Dandie Dinmont Terrier
Breed Group: Terrier
The Dandie Dinmont Terrier may not look like a terrier with its curved body and silky topknot but he has many of the quintessential terrier traits. A small, robust, fiercely determined and independent dog, a Dandie Dinmont Terrier is especially reserved with strangers. Even their owner will have to earn this dog’s respect. But once earned, they are fiercely loyal. They seldom challenge other dogs but will rise to meet any challenge issued. He accepts other pets but one must remember his history as an otter and badger hunter before attempting an introduction to other small mammals. With a low tolerance for being pestered, he may snap at young children. With an unusually deep bark for their size and not one for macho posturing as many terriers do, he is a terrier that makes a good watchdog. Although they are often territorial and dominant, they are not up to the task of being a protector. His activity level, slightly higher inside than out, meets most of his modest exercise needs. But when outside, any fences that hold him must be well secured, especially at their base; as like most terriers, they love to dig. Less high-strung than many terrier breeds, they will, however, dig in if they feel the need. Dandies do best when they live indoors but have outdoor access. With regular exercise, they can adjust to apartment living.
The Dandie Dinmont Terrier is a small dog, weighing between 18 and 24 pounds and standing between 8 and 11 inches at the shoulder. Possessing a long lean body, they are almost twice as long as they are tall. Their coat is either pepper or mustard with the back darker than the belly. The silky topknot is silver or cream. Pups are born dark and lighten with age. The coat is hard hair intermixed with soft hair. Dandie Dinmont Terriers are low shedders, but they need regular grooming to maintain their coat.

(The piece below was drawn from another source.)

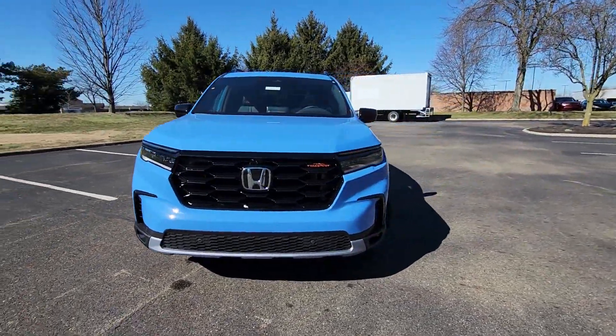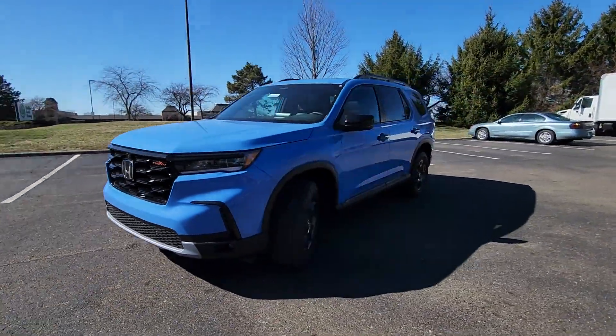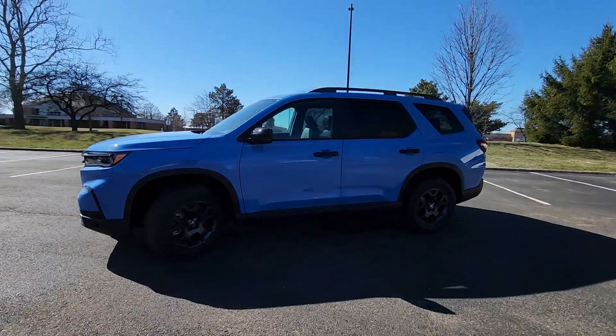2024 Honda Pilot. This SUV offers space as well as power and performance.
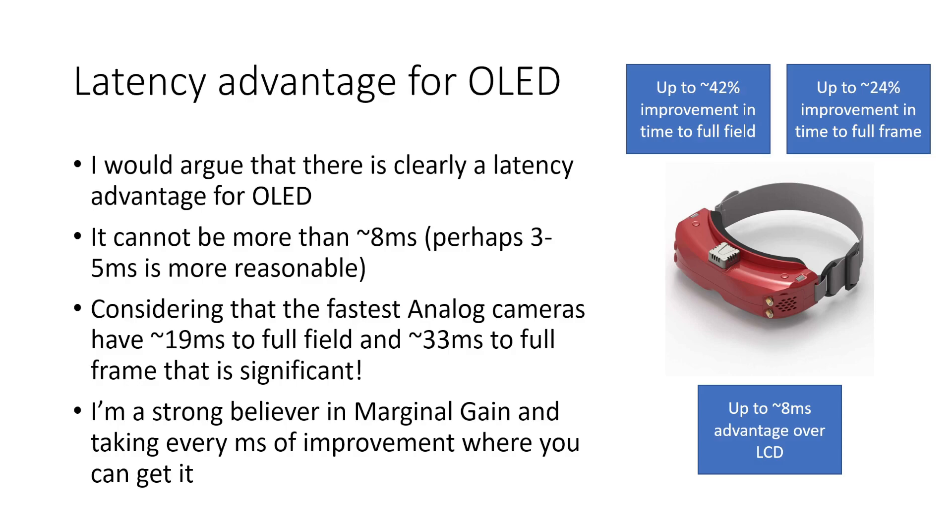Based on this high-speed testing there is clearly a latency advantage for OLED. It definitely can't be more than about 8 milliseconds, and perhaps 3 to 5 milliseconds is more reasonable. When we consider that the fastest analogue cameras like the one I used for this test have about 19 milliseconds to full field and 33 milliseconds to full frame, that 4 milliseconds is really significant. A lot of people ask: does 3, 5, or 8 milliseconds really matter? Does the human eye respond that quickly?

Needing strongly socialized, Dandie Dinmont Terriers are strong-willed, independent dogs that need firm, consistent training from an experienced trainer. Some of the qualities that make them tenacious hunters also make them a challenge to train. They have a mind of their own and are not always agreeable to accepting commands from humans, especially from those whom they do not respect. Even well-trained Dandie Dinmont Terriers cannot be exercised off leash in unconfined spaces because their hunting instinct forces them to chase anything that moves. Terriers are not for owners who have yet to demonstrate their ability to establish leadership with a canine.
Dandie Dinmont Terrier
The Dandie Dinmont Terrier’s long back, is affected by Intervertebral Disk Disease. To reduce the likelihood of this issue in middle-aged dogs, they should be discouraged from jumping, stair climbing, and sitting up on their haunches. When picking them up it is important to both cradle their rear and support their trunk at the same time. Because the Dandie Dinmont Terrier is a relatively rare dog, there is not as much health information compiled as for many other breeds. However, preliminary data shows a 50% incidence of Hip Dysplasia. Other, less commonly seen issues include shoulder, elbow, and patellar luxation. Also affecting the breed are Lens Luxation and Glaucoma. They typically live into their early to mid-teens.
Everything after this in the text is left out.